B011 Inclusive Language Policies for Episcopal Seminaries and Formation Programs

Original version

Resolved, the House of _______ concurring, That all theological seminaries affiliated with the Episcopal Church and all training programs and schools of formation sponsored or operated by one or more dioceses for the education and formation of persons for ordination be encouraged and requested to adopt policies calling for the use of bias-free and inclusive language for both God and humanity in all digital, written and oral communications, including lectures, discussions, papers, announcements, sermons, public notices and publications; and be it further

Resolved, That all theological seminaries affiliated with the Episcopal Church and all training programs and schools of formation sponsored or operated by one or more dioceses for the education and formation of persons for ordination be encouraged to provide opportunities to explore the theological foundations for the use of bias-free and inclusive language for God and humanity; and be it further

Resolved, That each such theological seminary, training program, and school of formation provide a copy of its inclusive language policy to the Secretary of the General Convention by October 1, 2019 and that the Secretary report on the policies received and not received to the Executive Council, to any appropriate interim body, and to the 80th General Convention.

Explanation

Language matters, especially for Episcopalians who believe that the words we use to pray shape our beliefs about God and humankind, and who promise in baptism to “Respect the dignity of every human person.” Our seminaries and schools of formation, whether for those seeking to expand their ministries as lay people or for those seeking ordination have the opportunity and the responsibility to teach about the ways language can be used to marginalize people. This resolution asks seminaries and schools of formation to both explore and teach the theological foundations for the use of gender-inclusive language as well as to model that usage with policies that require the use of inclusive language when referring to God or humans. Many but not all of our seminaries already have such policies.
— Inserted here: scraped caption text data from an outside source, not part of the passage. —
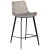 200490830 bāra krēsls Hype pelēks velvets/melnas kājas H:91cm Dan-Form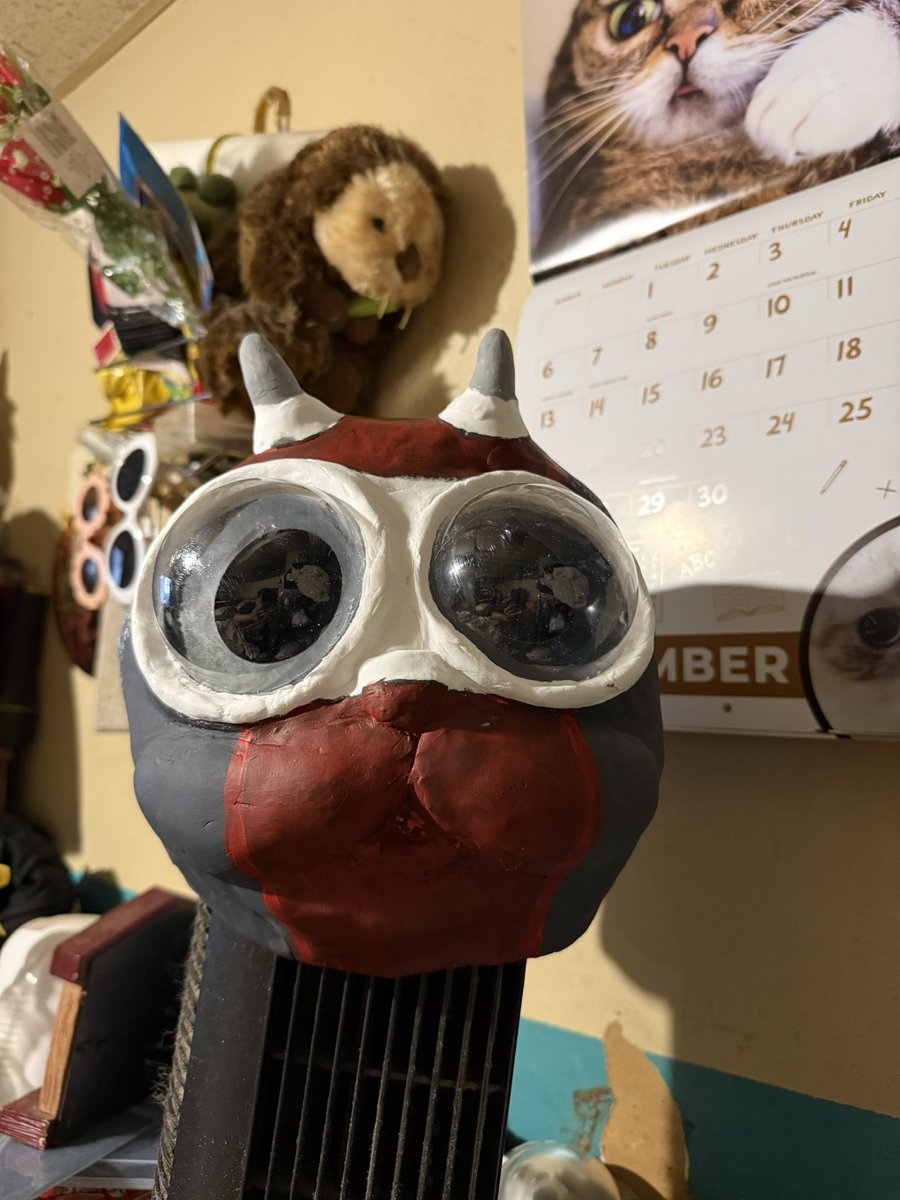 MamaNedTOP's tweet photo. Still waiting on the fabrics for his ears but omg I love him so much. https://t.co/xkH0pN2WbC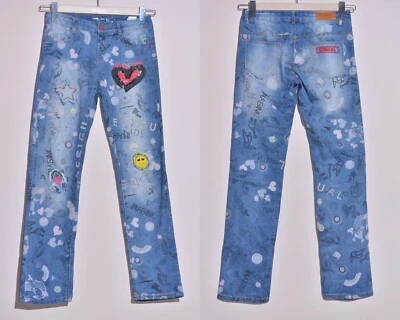 Jeans Niñas Desigual Azul Estampado Azul Pierna Recta Talla 13-14 Años Foto 1 de 4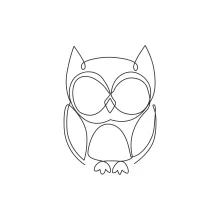 One-Line Owl Drawing for Beginners: Learn Animal Shapes with Minimal Lines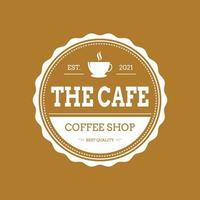Café- und Café-Logo-Design vektor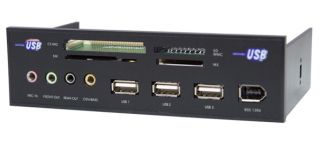 Multifunction 5 1 Sound Card USB Hub Card Reader IEEE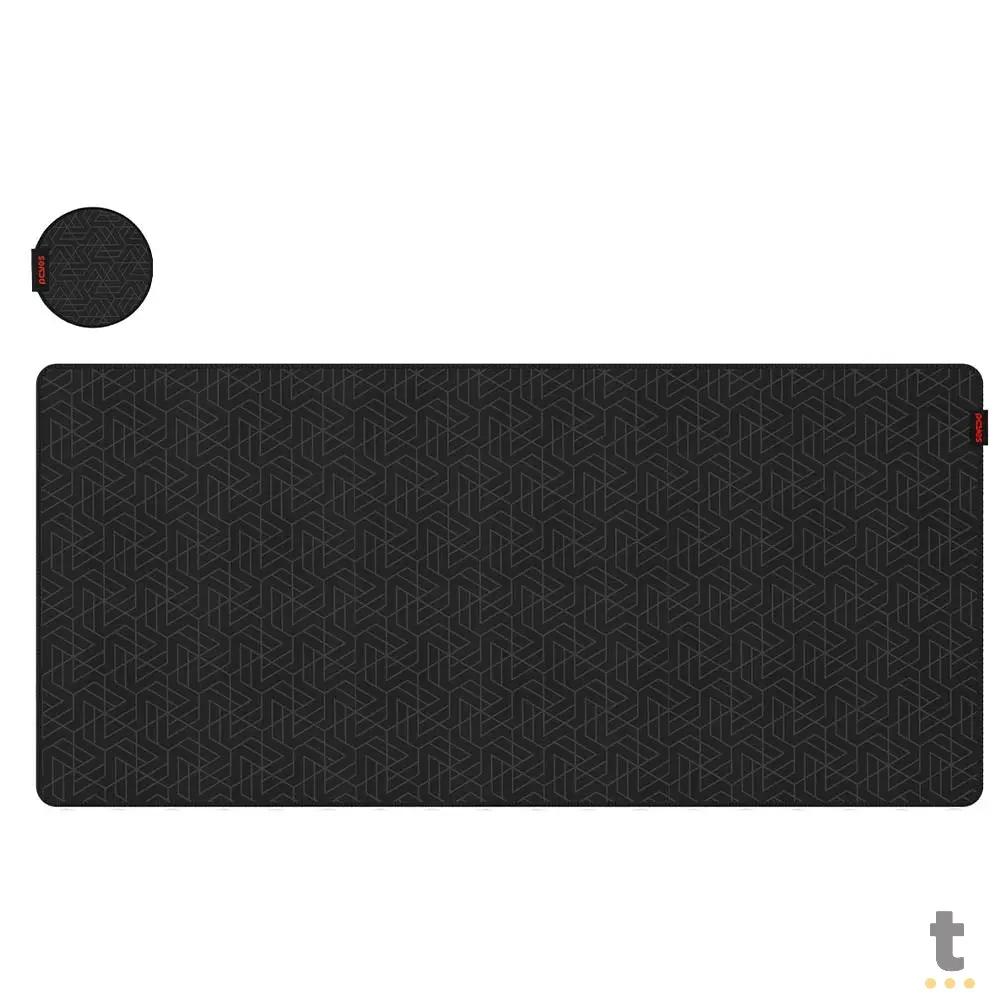 Mousepad Gamer PCYes Maze Extended Black Vulcan 900X420mm - PMM90X42BV Truedata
Such theological reflection and language policies will equip our lay and ordained leaders to encourage inclusive language through out our church and make The Episcopal Church a more welcoming place for all people.

From the Society of Biblical Literature Handbook of Style, second edition (2014), section 4.3.1: “The generic use of masculine nouns and pronouns is increasingly unacceptable in current English usage. Historians must obviously be sensitive to the requirements of their sources, but in many cases the assignment of gender to God is best avoided.”